Além disso, muitas vezes vemos a firmeza que ele concede aos pobres criminosos que sofrem pelos seus crimes. Não estou falando dos endurecidos, mas daqueles que buscam conforto na graça de Jesus Cristo e, assim, obtêm um coração pacífico no castigo mais severo que alguém pode sofrer, como vemos tão lindamente ilustrado no ladrão que foi convertido na morte de nosso Senhor Jesus. Será que Deus, que ajuda tão poderosamente os pobres criminosos que são punidos pelos seus crimes, decepcionará o seu povo que luta pela sua causa ao não lhes dar um poder invencível?
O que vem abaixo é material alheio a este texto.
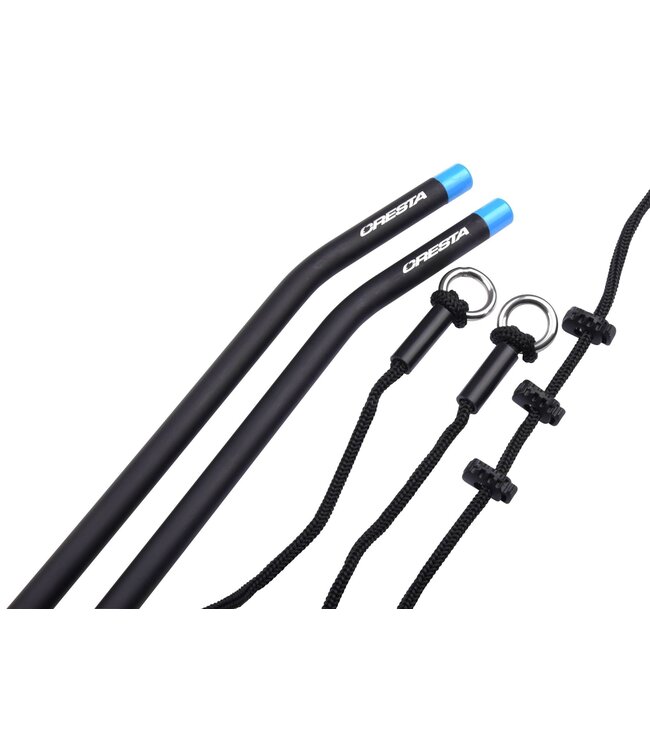 Cresta Spiked Measure Sticks + 5 Meter Koord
O terceiro ponto das promessas que Deus faz aos seus mártires diz respeito ao fruto que eles podem esperar dos seus sofrimentos e, finalmente, se for necessário, da sua morte. Este fruto é que depois de glorificarem o seu nome e edificarem a igreja pela sua firmeza, eles serão reunidos com o Senhor Jesus na sua glória imortal. Contudo, como já falamos mais detalhadamente sobre isso anteriormente, bastará agora simplesmente trazê-lo à mente. E assim, que os fiéis aprendam a erguer a cabeça ao alto para ver esta coroa de imortalidade e glória, para a qual Deus os acena, para que não se preocupem em deixar a vida presente por tal morada. E para que tenham a certeza deste bem incalculável, tenham sempre diante dos olhos a semelhança que têm com nosso Senhor Jesus, olhando para a vida no meio da morte, quando ele, pela vergonha da cruz, alcançou a gloriosa ressurreição, onde reside toda a nossa felicidade, alegria e triunfo.